- Będziemy na początku starali się przywrócić ofertę na poziomie około 90%. Przede wszystkim takie autobusy i tramwaje, które były wspomagające dla studentów i uczniów nie zostaną jeszcze przywrócone. Na razie bazujemy na podstawowym szkielecie komunikacji miejskiej i zobaczymy w tych pierwszych dniach września, jak to wszystko będzie się kształtowało - mówi Sebastian Kowal z Zarządu Transportu Publicznego.
Cięcia w komunikacji miejskiej spowodowane są epidemią koronawirusa, która znacząco zmniejszyła wpływy ze sprzedaży biletów. Sytuację miała poprawić podwyżka cen biletów, ale ta propozycja nie spotkała się z przychylną reakcją mieszkańców Krakowa.

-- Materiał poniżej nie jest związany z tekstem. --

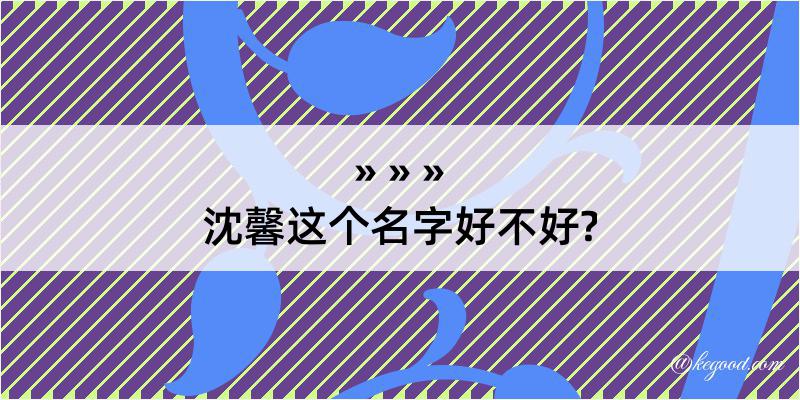 沈馨这个名字好不好?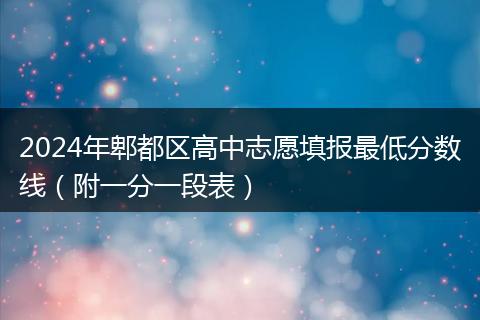 2024年郫都区高中志愿填报最低分数线(附一分一段表)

- Mieszkańcy nigdy nie będą zadowoleni z podwyżek cen biletów, myślę, że wszyscy dobrze rozumieją sytuację, ale trzeba powiedzieć, że już teraz podróż tramwajem czy autobusem jest sporym obciążeniem dla kieszeni - mówi jeden z pasażerów komunikacji miejskiej.
Sprawą podwyżki cen biletów mieli zająć się radni na najbliższej sesji Rady Miasta, ale Magistrat postanowił odłożyć ten projekt uchwały w czasie.